Polyeunoa laevis

Scientific classification
- Domain: Eukaryota
- Kingdom: Animalia
- Phylum: Annelida
- Clade: Pleistoannelida
- Subclass: Errantia
- Order: Phyllodocida
- Family: Polynoidae
- Genus: Polyeunoa
- Species: P. laevis
- Binomial name: Polyeunoa laevis McIntosh 1885

= Polyeunoa laevis =

- Genus: Polyeunoa
- Species: laevis
- Authority: McIntosh 1885

Species of annelid worm

Polyeunoa laevis is a scale worm which is widely distributed in the Southern Ocean and occurs over a wide depth range, from 35m to 2450m.

==Description==
Polyeunoa laevis has 75 segments, with 15 pairs of elytra. the dorsum is covered with numerous dark brown cross lines on every segment that are especially dense anteriorly.
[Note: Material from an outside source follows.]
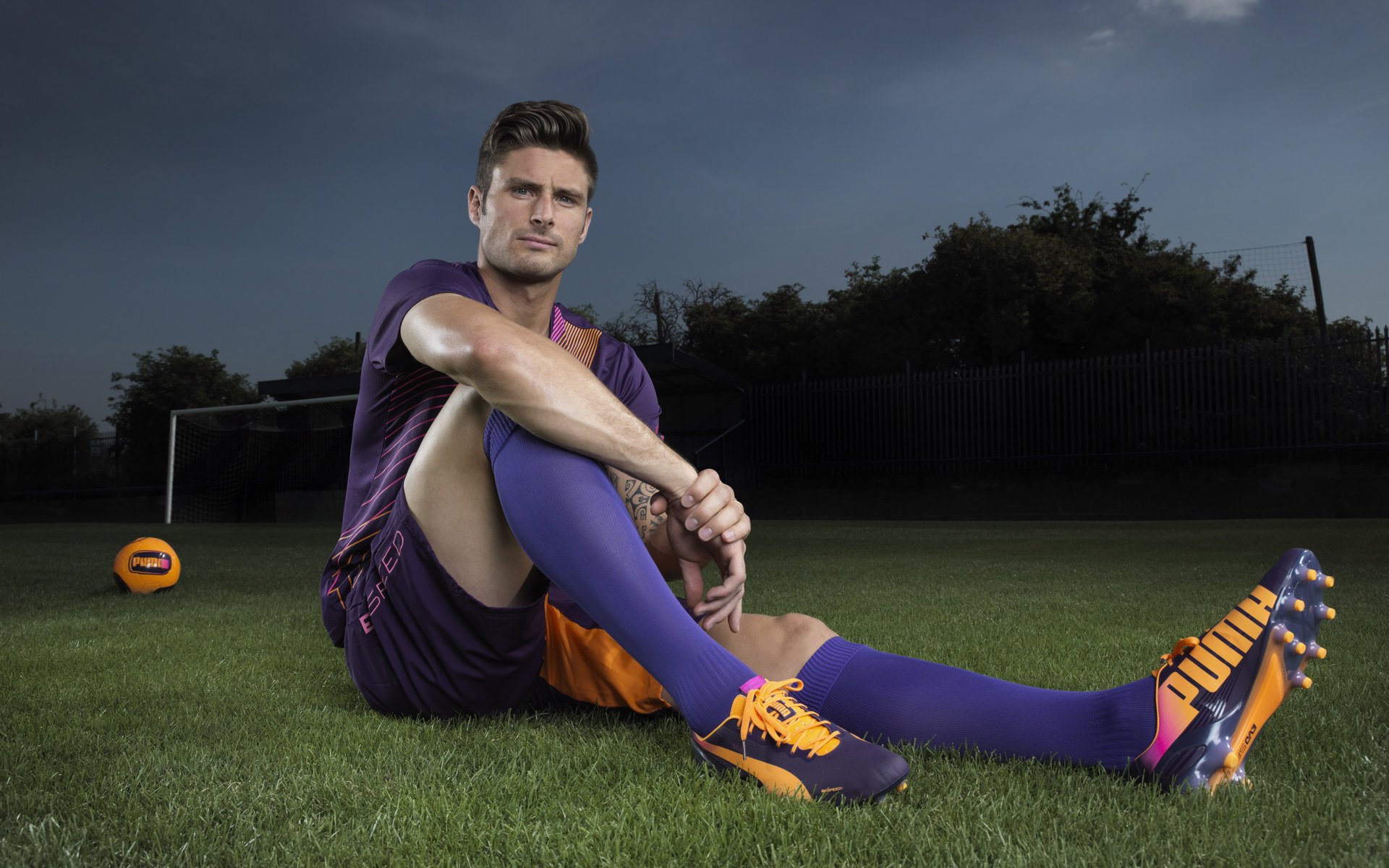 巴萨控球时间再创新高，将比赛逐步蚕食，巴萨控球打法被称为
The lateral antennae inserted ventrally (beneath prostomium and median antenna). The notochaetae can be distinctly thicker than the neurochaetae, or about as thick as the neurochaetae, with bidentate neurochaetae absent.

==Taxonomic comments==
There is significant morphological and genetic diversity from different populations across P. laevis range and it is possible that further research will result in this taxon being divided into several species.